Feature Flags as Technical Debt

All that being said, it's hard to get around the fact that feature flags also introduce technical debt.  Yes, even as they help you mitigate it in all other areas, they have their own cost. This should make sense on a conceptual level to any software developer reading.  If you take your business logic or markup and add "if turned on" conditionals everywhere, the code gets more complex.  Now you're managing both your application logic and a bunch of logic about what you should show, when, and to whom. Of course, this doesn't mean you should avoid feature flagging.  Quite the contrary.  To understand why, consider role-based application security.  That also comes with a cost, introducing its own form of debt.  But you wouldn't find people arguing that you should scrap authentication because it can make your code more complex.  Instead, you manage the complexity. Feature flagging falls into the same boat.  You cannot forgo the flexibility this gives your organization, so you need to find ways to manage it.

Enter Feature Flag Management Systems

To help with this, companies offer feature flag management systems.  This emerged in response to haphazard, home-grown feature flagging that racked up mountains of technical debt.  Over the years, enough nightmare scenarios emerged, with dozens of configuration files, if-riddled source code, and haphazard and inconsistent flagging logic, that vendors stepped in to solve the problem. Feature flag management systems let you get intentional and consistent about your approach to feature flagging.  This alone helps tip the scales, letting them save you more in tech debt than feature flagging itself costs.  They solve the mysteries of how to add flagging logic, where to put the configuration files, and even how to manage them from a dashboard for your environments.  They also have the added benefit that your team doesn't waste time creating (probably inferior) homegrown ones.

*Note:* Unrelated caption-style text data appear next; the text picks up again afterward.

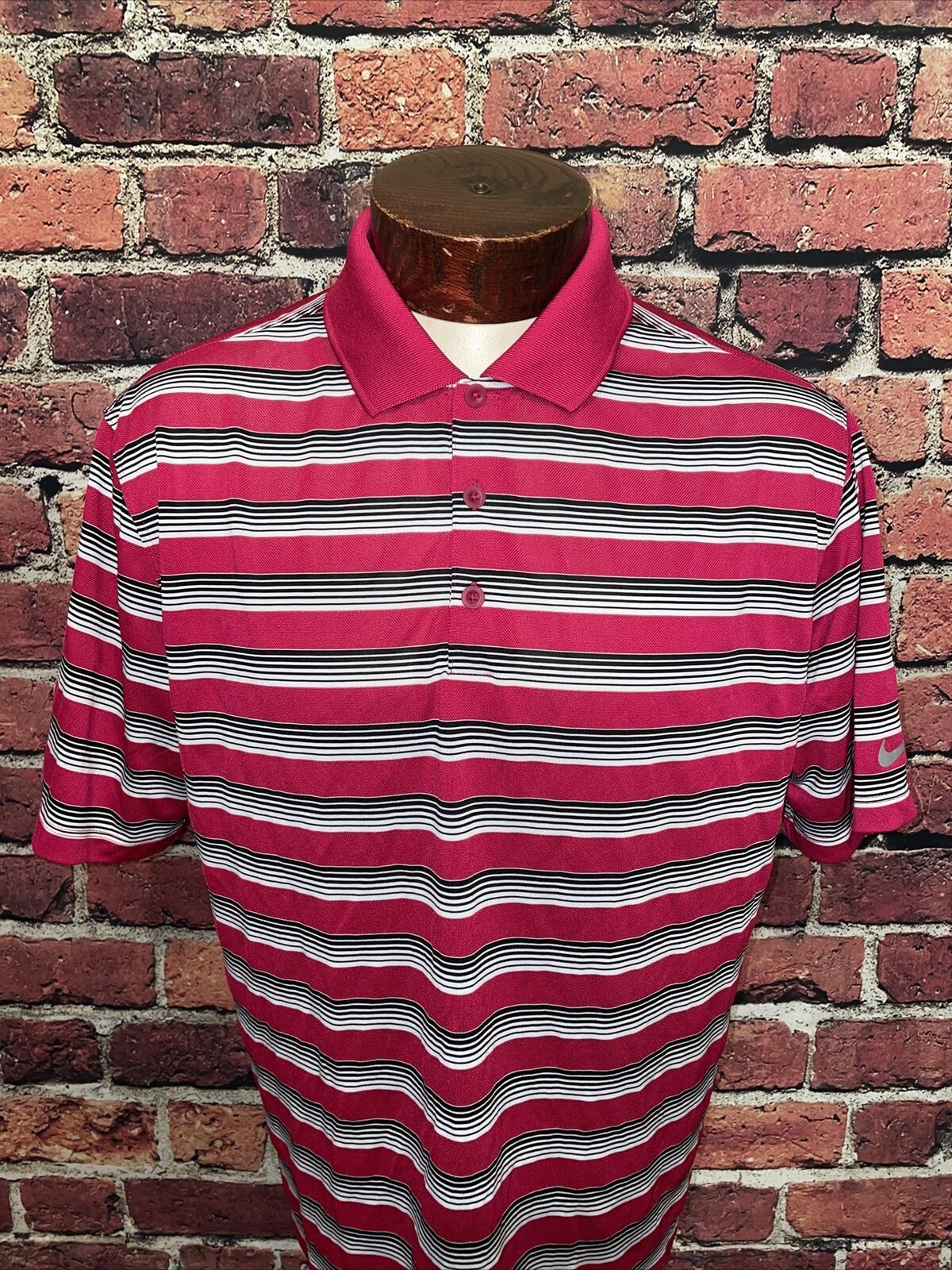 Nike Golf Mens Large Pink White Black Striped Short Sleeve Golf Polo Shirt 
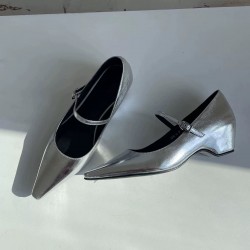 French one-strap buckle thick heel Mary Jane women's shoes pointed head inner height-increasing single shoes shallow mouth elegant commuting high heels shoes
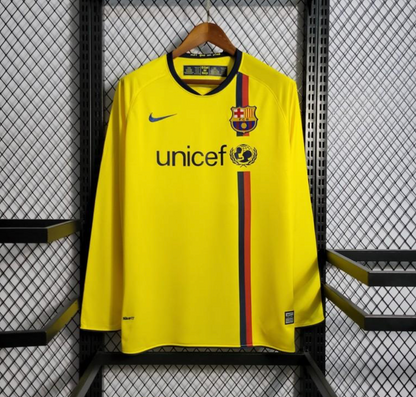 Retro 08/09 Barcelona Away Yellow Long Sleeve Jersey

Getting the Most Out of the Feature Flag Management System

With a feature flag management system in place, you can go even further to alleviating other sources of tech debt while keeping any created by your feature flags to a minimum.  Just installing the management system brings you consistency and clarity.  But you can do plenty on your end as well. Trod well-worn paths to good code.  Feature flags represent just another incarnation of cross-cutting, conditionally executed operations.  As I mentioned before, this looks a lot like role-based security.  But you can generalize to other cross-cutting concerns, like logging, dependency injection, or performance management.  Draw inspirations from clean approaches and patterns for handling those concerns, and apply them to feature flagging. And while you're at it, make sure you have a specific policy for retiring feature flags when you no longer need them.  Debt piles up in your codebase when no one bothers to clean out the cruft.  Make sure you do so, and as time goes on, make sure you automate your checks for outdated feature flags.  Maintain rigid discipline about keeping the logic in your codebase to a minimum. As I mentioned earlier, feature flags are too powerful for you to ignore them.  They can help immensely in many ways, including managing other sources of tech debt.  And while they can introduce their own flavor of technical debt, they don't have to.  Using a feature flag management system gets you the best of all worlds.